CSIS was created in 1984 by the Canadian Security Intelligence Service Act. I have no idea who they are in service for, but it isn’t us. CSIS doesn’t aren’t the spies running around. That’s the job of CSE (Communications Security Establishment Canada). Their kind of spying is Signal intelligence and their mandate is to collect, analyze, intercept electronic signals, such as electronic signals, phone calls, radio transmission, radar and digital data – anything that is suspected to be a threat to Canada. I think that they see everyone a threat to Canada. CSIS is the Canadian counterpart of the American National Security Agency (NSA) that for many years was referred to as “No Such Agency”. They, like CSIS, generally operates outside the rule of law , so accountability goes right out of the window.

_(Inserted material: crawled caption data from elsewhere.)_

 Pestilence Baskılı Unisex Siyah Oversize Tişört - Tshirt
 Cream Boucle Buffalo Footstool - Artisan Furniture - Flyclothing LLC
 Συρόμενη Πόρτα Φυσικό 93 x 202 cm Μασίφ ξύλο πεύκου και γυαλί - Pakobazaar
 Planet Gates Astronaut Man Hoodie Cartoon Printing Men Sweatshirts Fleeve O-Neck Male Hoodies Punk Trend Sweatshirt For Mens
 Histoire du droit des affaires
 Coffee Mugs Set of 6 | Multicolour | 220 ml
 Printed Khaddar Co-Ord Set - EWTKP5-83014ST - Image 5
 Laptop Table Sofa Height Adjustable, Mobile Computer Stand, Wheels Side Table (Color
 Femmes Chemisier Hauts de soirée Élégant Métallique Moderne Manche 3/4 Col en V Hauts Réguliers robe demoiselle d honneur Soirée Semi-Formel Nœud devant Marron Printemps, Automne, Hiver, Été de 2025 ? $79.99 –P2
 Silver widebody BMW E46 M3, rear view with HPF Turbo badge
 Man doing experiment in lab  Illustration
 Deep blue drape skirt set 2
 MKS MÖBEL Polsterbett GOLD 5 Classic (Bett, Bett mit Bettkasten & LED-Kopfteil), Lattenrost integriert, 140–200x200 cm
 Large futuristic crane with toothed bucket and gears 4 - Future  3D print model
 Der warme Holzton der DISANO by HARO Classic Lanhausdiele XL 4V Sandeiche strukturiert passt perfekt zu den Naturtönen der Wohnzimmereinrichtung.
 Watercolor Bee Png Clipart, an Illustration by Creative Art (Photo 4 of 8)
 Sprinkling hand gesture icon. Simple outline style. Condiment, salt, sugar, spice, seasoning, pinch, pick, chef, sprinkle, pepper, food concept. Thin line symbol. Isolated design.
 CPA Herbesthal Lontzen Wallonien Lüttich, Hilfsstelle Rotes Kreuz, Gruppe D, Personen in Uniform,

 From the start, CSIS was given broad, sweeping powers. In their work, some kinds of surveillance they undertakes doesn’t need a warrant, but others do. For a warrant to be executed, it must first get the stamp of approval by the Minister of Public Safety before going up the chain to a federal judge. Anyone surveilled has absolutely no knowledge about any of this. They also aren’t entitled to appear at the hearing before the judge.

Until 2019, SIRC (The Security Intelligence Review Committee, was an independent body that provided oversight of CSIS’s activities and reported to Parliament and keep them apprised about what CSIS was up to. Apparently SIRC was completely useless and CSIS ran rings around them.  If you are interested, there is an excellent article about this (also pretty funny) called, Spies, lies and the myth of ‘oversight’ at CSIS” and if you give it a quick read it shows exactly how useless SIRC was.

CSIS likes to visit people in their homes and sometimes at their workplace. An excellent method to catch them off guard. I imagine people who have the pleasure of entertaining CSIS at home or work, they would cooperate to get them fucking to leave. I am sure most people don’t welcome Canada’s top spy agency to show up at work or at home, when you are getting ready to have dinner with your kids. They seem to automatically assume anyone they have set their sights on, is guilty to whatever scenario they cooked up.

You might not be the subject of a CSIS investigation, but if you may have information of an individual who is be prepared. They will show up. CSIS also runs both covert and open investigations both domestically and abroad. It is a hush-hush secret organization. What happens at CSIS stays in CSIS. This makes CSIS less than transparent, much less accountable, until it blows up in their faces. But that comes later. Anyone suspecting they’re on CSIS’s radar, the BC Civil Liberties has an excellent pamphlet, B.C. Civil Liberties Association: The Canadian Security Intelligence Service (CSIS). The biggest take I took from it is don’t not speak to them, no matter how insistent they are, until you speak to a lawyer.

In 2019, Bill C-59, the National Security Act, 2017 received Royal Assent and was a game changer. C-59 was to “clarify and legalize specific techniques that CSIS could use to combat modern  security threats”. Apparently, CSIS was often found to be operating outside of the law. Surprise, surprise, surprise.

With C-59, came with huge changes to how CSIS was overseen and how they operated. Enter stage left, a spanking brand new agency, the National Security and Intelligence Review Agency (quite a mouthful) and replace the useless, obtuse SIRC.

The new agency was created to operate as a super-agency “with a broader, all of government mandate to review national security and intelligence activities”. Unlike SIRC that was only tasked to oversee CSIS, the NSIRA oversees all of Canada’s security and intelligence apparatus.  It seems a little strange that SIRC, that only had CSIS to oversee and miserably failed, to be replaced by a super-agency was to oversee the whole enchilada, every single part having to do with intelligence and overseeing all the separate agencies. Very big shoes to fill.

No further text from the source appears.